POST /api/retry/{job_id} Retry failed or cancelled job.

DELETE /api/delete/{job_id} Completely delete job and all associated files.

GET /api/status/{job_id}

Check generation status.

Response:

{
  "status": "processing",
  "progress": 45,
  "message": "Video generation in progress...",
  "video_count": 2,
  "videos_requested": 2,
  "video_path": null,
  "individual_video_paths": [],
  "is_zip": true,
  "created_at": "2024-01-01T12:00:00Z",
  "error": null
}

Download Endpoints

GET /api/download/{job_id} Download completed content (ZIP for multiple videos, MP4 for single). Automatically deletes job 5 seconds after successful download.

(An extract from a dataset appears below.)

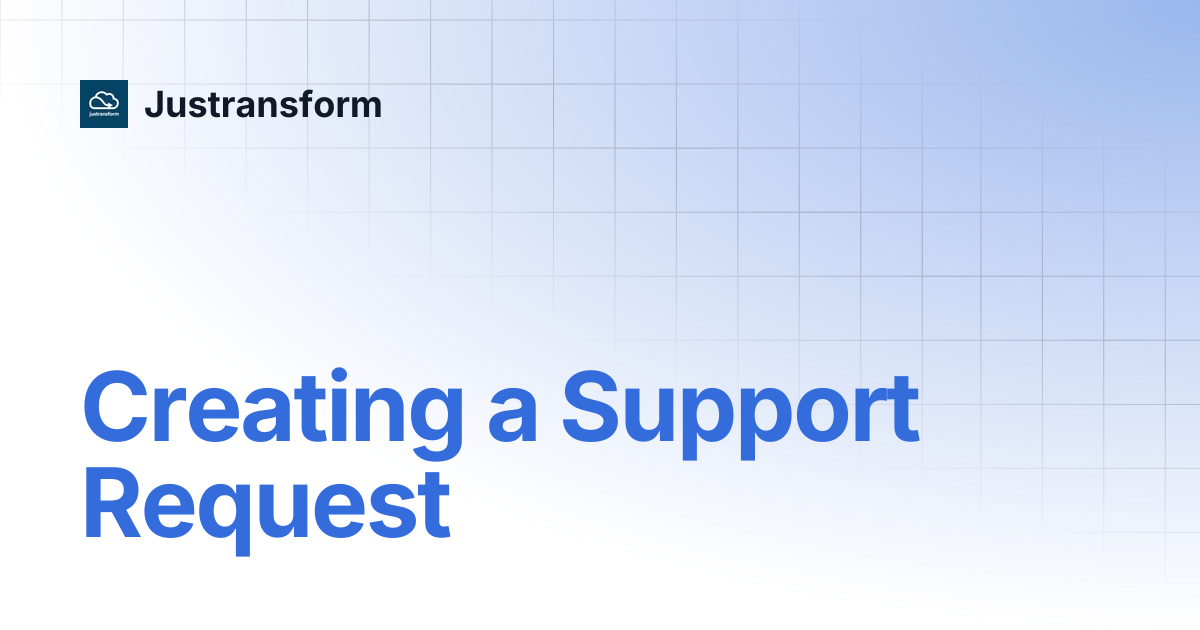 Creating a Support Request | Justransform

GET /api/download/{job_id}/video/{index} Download individual video (index 1-4).

Response: MP4 video file, ZIP package, or error message.

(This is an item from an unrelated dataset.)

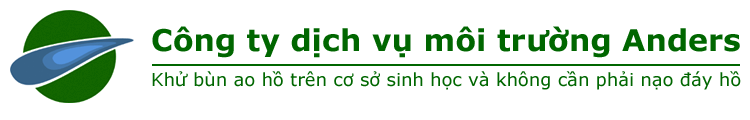 Công ty dịch vụ môi trường Anders - Khử bùn ao hồ trên cơ sở sinh học và không cần phải nạo đáy hồ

DELETE /api/cleanup/{job_id}

Manually clean up job files (local only).

Response:

{
  "message": "Files cleaned up successfully"
}

Configuration Reference

Backend Configuration (config.py)

Variable Description Default
PROJECT_ID Google Cloud project ID -
REGION Google Cloud region us-central1
MODEL_ID Veo model identifier veo-3.0-generate-preview
MODEL_FAST_ID Veo Fast model identifier veo-3.0-fast-generate-preview
OUTPUT_GCS_BUCKET_NAME GCS bucket for storage -
SERVICE_ACCOUNT_KEY_PATH Path to service account JSON ../service-account.json
SECRET_KEY Flask secret key -
FLASK_ENV Environment mode production
PORT Backend server port 7394
FRONTEND_URL Frontend URL for CORS -
MAX_IMAGE_SIZE Maximum image size in bytes 10MB
CONCURRENT_JOB_LIMIT Max concurrent processing jobs 2
MAX_RETRIES Max retry attempts per job 3
WEBHOOK_URL Usage tracking webhook URL -
WEBHOOK_ENABLED Enable usage tracking true

Frontend Configuration

Set environment variables in .env.local:

VITE_API_BASE_URL=http://localhost:7394
VITE_DEV_MODE=true
VITE_APP_TITLE=Veo Video Generator (Dev)
VITE_MSAL_CLIENT_ID=your-azure-client-id
VITE_MSAL_AUTHORITY=https://login.microsoftonline.com/your-tenant-id
VITE_MSAL_REDIRECT_URI=http://localhost:3000

Queue System Configuration

  • Unlimited Queue: No per-user job limits
  • Video Limits: 1-4 videos per individual request
  • Processing Slots: Maximum 2 concurrent jobs
  • Polling Intervals: Frontend polls every 2 seconds, backend polls Google API every 30 seconds
  • Auto-cleanup: Jobs deleted 5 seconds after successful download
  • Retry Logic: Up to 3 retry attempts with exponential backoff

Troubleshooting

Common Issues

  1. "Service account not found"

    • Verify service-account.json exists and is valid
    • Check file permissions
    • Ensure service account has required roles
  2. "Quota exceeded"

    • Check Google Cloud quotas for Vertex AI
    • Verify billing is enabled
    • Request quota increases if needed
  3. "Content filtered"

    • Modify prompt to avoid restricted content
    • Review Google's content policies
    • Try different wording or concepts
  4. "Image validation failed"

    • Check image format (use common formats)
    • Ensure image is at least 720x720 pixels
    • Verify file size is under 10MB
  5. CORS errors

    • Check FRONTEND_URL configuration
    • Verify both frontend and backend URLs
    • Ensure proper development/production settings

Debug Mode

Enable debug logging by setting:

FLASK_DEBUG=True

Debug information includes:

  • Request/response details
  • Image processing steps
  • API call parameters
  • File paths and operations

Log Files

Check application logs for detailed error information:

  • Backend logs: Console output from Flask application
  • Frontend logs: Browser developer console
  • Google Cloud logs: Cloud Logging for API errors

Security Considerations

  • Service account keys should be kept secure and not committed to version control
  • Use environment variables for sensitive configuration
  • Implement proper authentication in production
  • Regular rotation of service account keys
  • Monitor usage and costs through Google Cloud Console
  • Webhook URLs should use HTTPS in production

Performance Tips

  • Use appropriate video lengths (shorter = faster generation)
  • Optimize image sizes before upload
  • Monitor Google Cloud quotas and billing
  • Implement caching for repeated requests
  • Use CDN for frontend assets in production
  • Clean up temporary files regularly

Support and Resources

For technical issues, check the debug logs and refer to Google Cloud support resources.